If it was meant to be a small asteroid hitting a still planetary sized body where $m \ll M$ then we can tell without doing any calculation though that $F \approx 0$. by your own result as $\frac{m}{M} \approx 0$ , giving $\omega \approx 0$?

m<<M means we are looking for the smallest order nonzero approximation for small m/M. If a function of $x$ is $\Sigma_{n=0}c_nx^n$ that is $c_ix^i$, where $c_i\neq 0$ and $c_j=0$ for $j<i$.
So no, we cannot end up with F=0.

 

[PeroK]

Note that I used $R$ instead of $d$ in calculating $\omega$, so I'll have to redo my calculation.

 

[haruspex]

the previous calculations regarding Icm and conservation of momentum are wrong.

Not wrong enough to matter. $I_{cm}\approx \frac 25MR^2$, $I_{cm}\omega\approx mvR$.

 

[Hak]

Not wrong enough to matter. $I_{cm}\approx \frac 25MR^2$, $I_{cm}\omega\approx mvR$.

Yes, if $m \ll M$.

 

[Hak]

Note that I used $R$ instead of $d$ in calculating $\omega$, so I'll have to redo my calculation.

Okay, I am waiting for a response. I didn't understand what result there is in Kleppner and Kolenkow....

 

[Chestermiller]

If it was meant to be a small asteroid hitting a still planetary sized body where $m \ll M$ then we can tell without doing any calculation though that $F \approx 0$. by your own result as $\frac{m}{M} \approx 0$ , giving $\omega \approx 0$?

m/M is supposed to be small compared to unity, not approach zero absolutely. It can't be eliminated when it stands alone.

 

[Chestermiller]

Yes, if $m \ll M$.

So what's your problem?

 

[Hak]

So what's your problem?

None, I had not noticed this aspect before @haruspex's message.

 

[erobz]

When I don't use $m \ll M$ and plug in $M= 9m$ I get:

$$ I_{com} = \frac{9}{2}m R^2 $$

$$ \omega = \frac{v}{5R} $$

$$F = \frac{9mv^2}{250 R}$$

 

[PeroK]

When I don't use $m \ll M$ and plug in $M= 9m$ I get:

$$ I_{com} = \frac{9}{2}m R^2 $$

$$ \omega = \frac{v}{5R} $$

$$F = \frac{9mv^2}{250 R}$$

That's what I get now.

 

[Hak]

That's what I get now.

Yes, that should be right.

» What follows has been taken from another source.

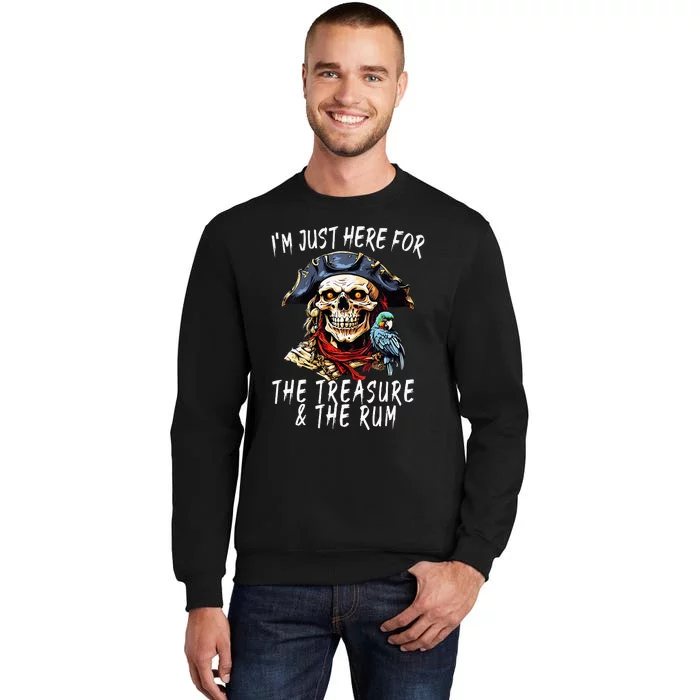 Captain Pirate Im Here For The Rum And For The Treasures Tall Sweatshirt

So, is my generic result in post #101 correct?

 

[PeroK]

m/M is supposed to be small compared to unity, not approach zero absolutely. It can't be eliminated when it stands alone.

I'd like to see the maths. There is a term in $\frac {m^2v}{M}$ in the final calculation for $F$. I don't know how to handle that if we have $m \ll M$.

 

[Hak]

I'd like to see the maths. There is a term in $\frac {m^2v}{M}$ in the final calculation for $F$. I don't know how to handle that if we have $m \ll M$.

Where is this term? I can't see it.

 

[PeroK]

PS it's not like the calculations are particularly complicated without the simplification. And, ultimately, the force per unit mass on $m$ is proportional to $\frac m M$.

 

[erobz]

I am missing the utility in the approximation $m \ll M$ that is being talked about, given that a person like me can solve it without.

 

[Hak]

PS it's not like the calculations are particularly complicated without the simplification. And, ultimately, the force per unit mass on $m$ is proportional to $\frac m M$.

Excuse me, but I cannot see what you are saying. Could you check my result in post #101 and tell me where I am wrong? Thank you very much.

 

[PeroK]

Excuse me, but I cannot see what you are saying. Could you check my result in post #101 and tell me where I am wrong? Thank you very much.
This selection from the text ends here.